*** Opening MATERIAL FOR THIS TASK ***

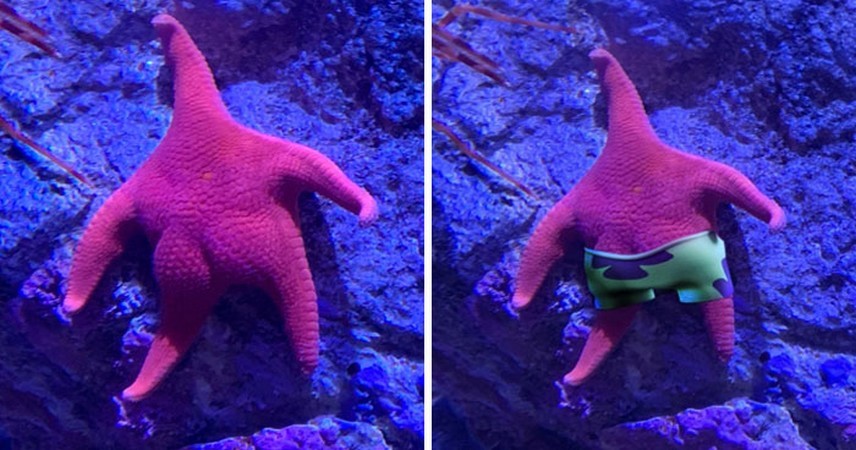 Ktoś odkrył Patryka Rozgwiazdę w akwarium, co inspirowało zabawną bitwę Photoshopa!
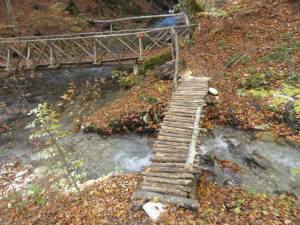 12191821_1667154483568355_510492191774453202_n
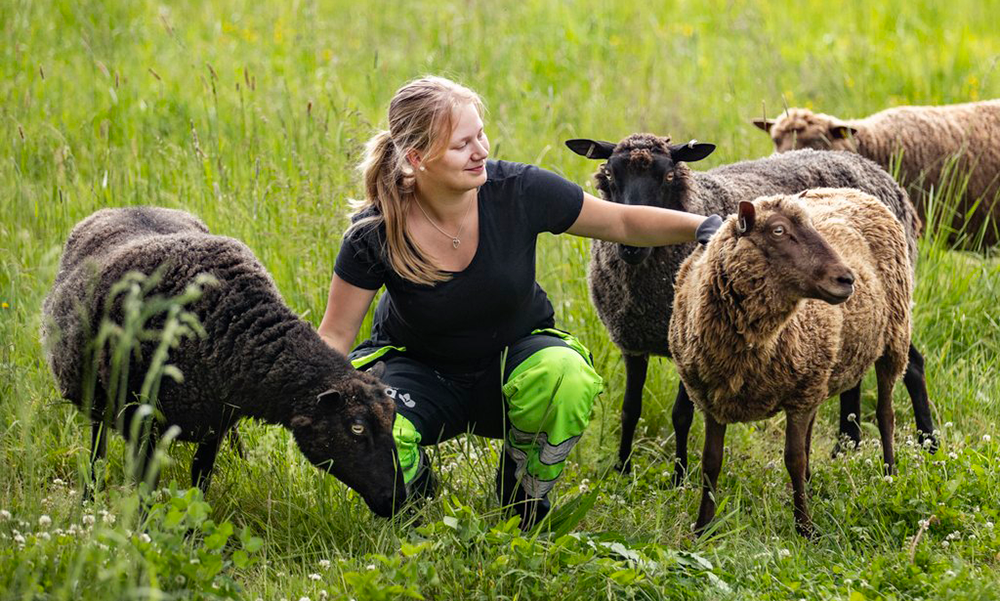 Taitaja2025 -kilpailussa jaettiin myös Taitajien Taitaja -titteli, joka meni Karoliina Koskiselle eläintenhoidossa. 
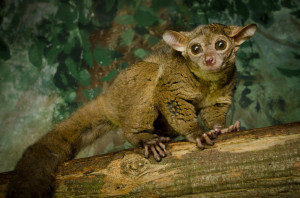 bushbabies-photojpg-2e4bb907ac61e627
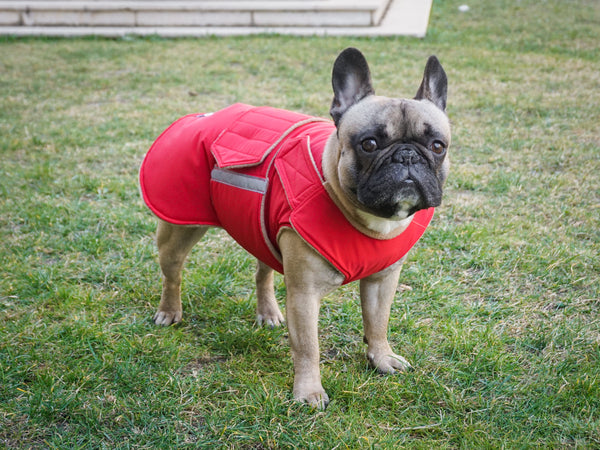 FRENCH BULLDOG EXTRA WARM WINTER DOG COAT / MADE TO ORDER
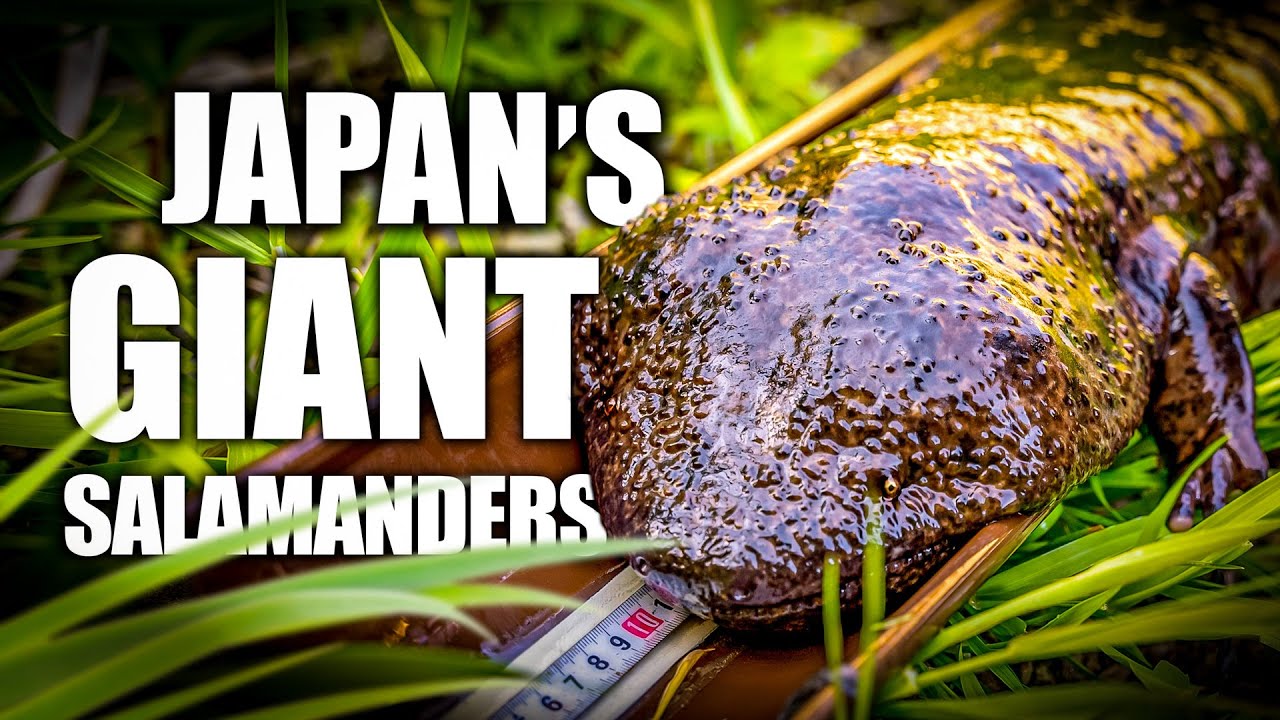 Japan's Giant Salamanders Documentary - The Giants of Daisen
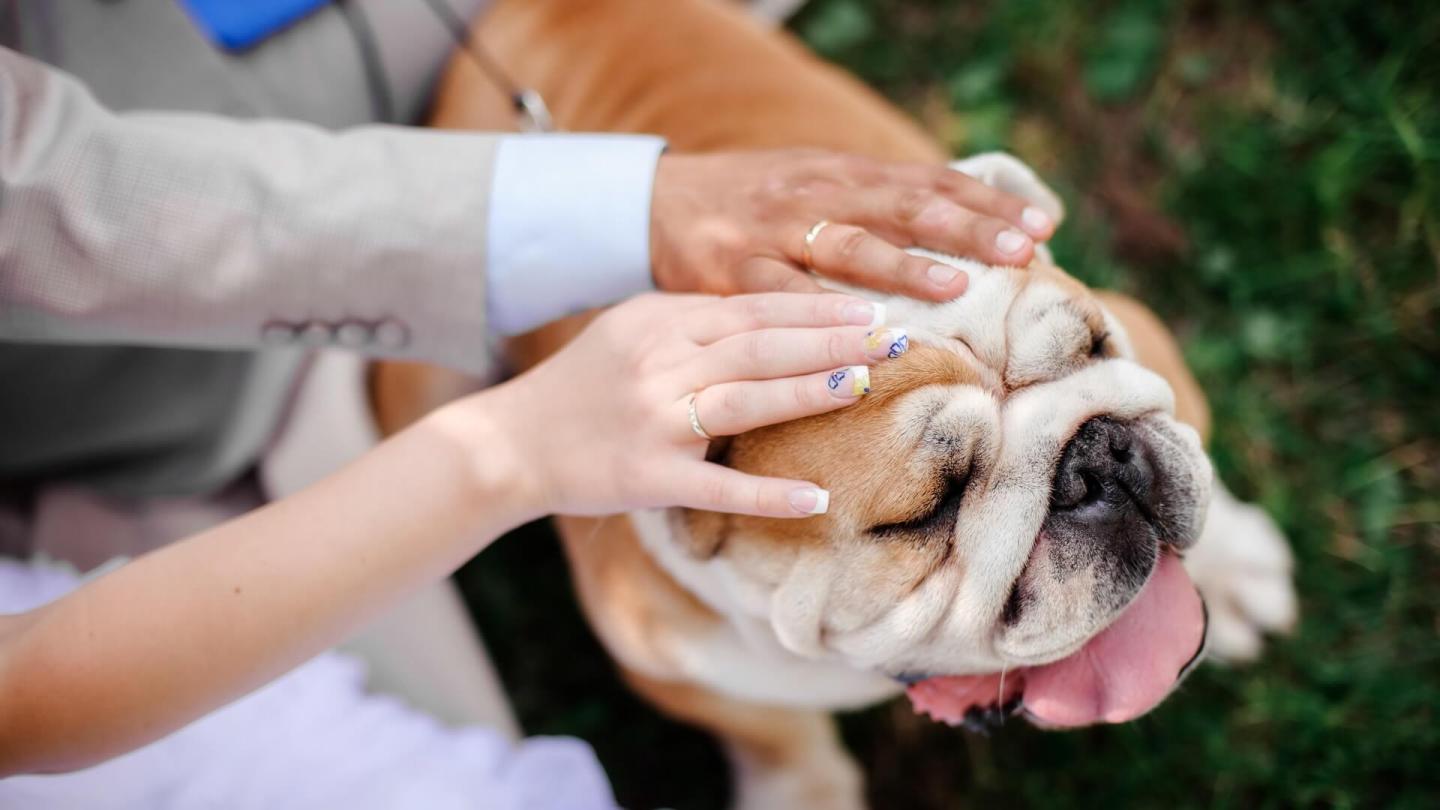 pet friendly wedding Mountain Top Inn and Resort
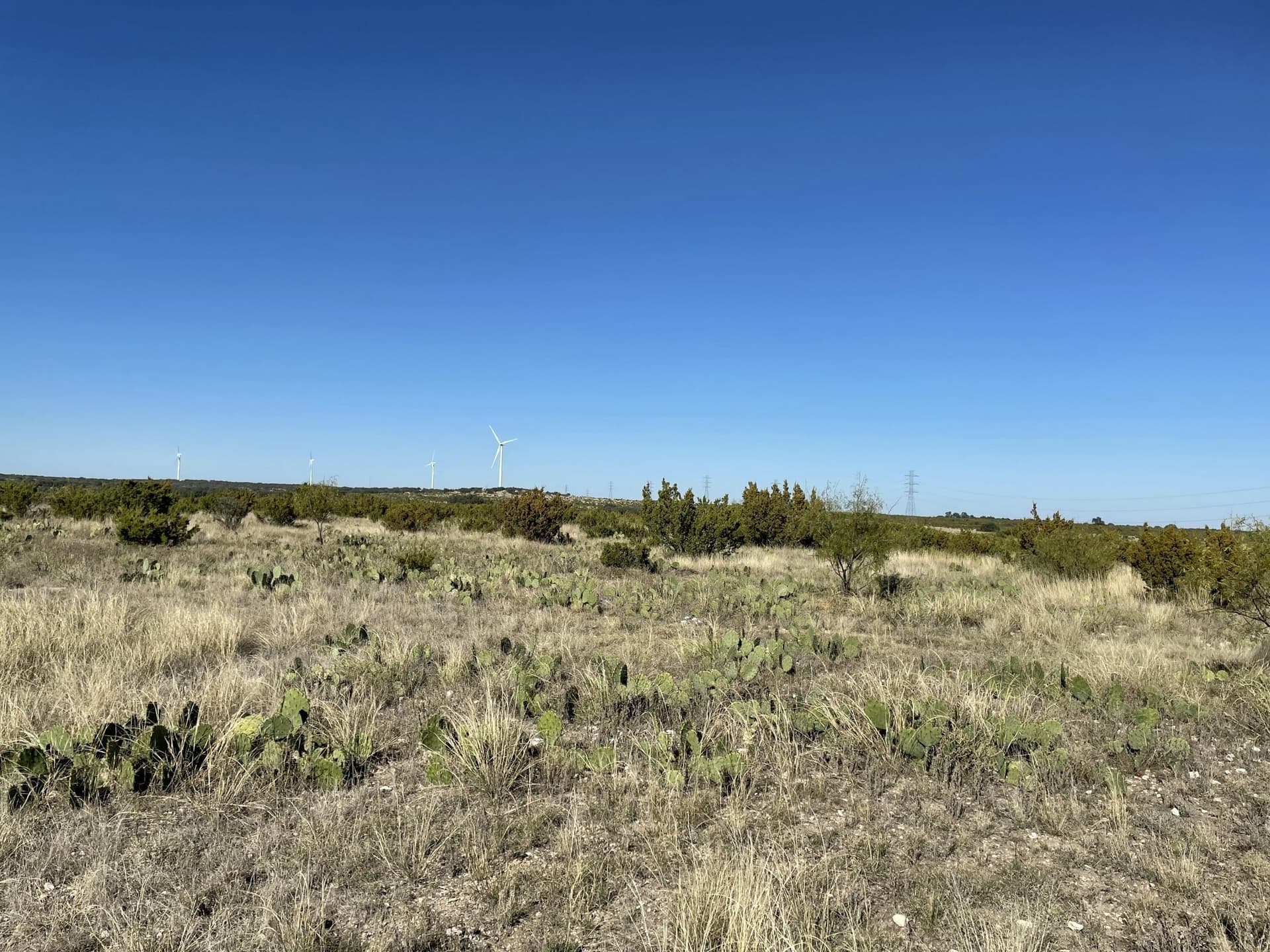 2,117.94 acres in Tom Green County - photo 6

*** Closing MATERIAL FOR THIS TASK ***

WORK REQUEST -> All lines from the one containing "FRENCH BULLDOG EXTRA" to the last line of the records above, both included, need to be repeated word for word; omit the pictures.

ANSWER BELOW ->
 FRENCH BULLDOG EXTRA WARM WINTER DOG COAT / MADE TO ORDER
 Japan's Giant Salamanders Documentary - The Giants of Daisen
 pet friendly wedding Mountain Top Inn and Resort
 2,117.94 acres in Tom Green County - photo 6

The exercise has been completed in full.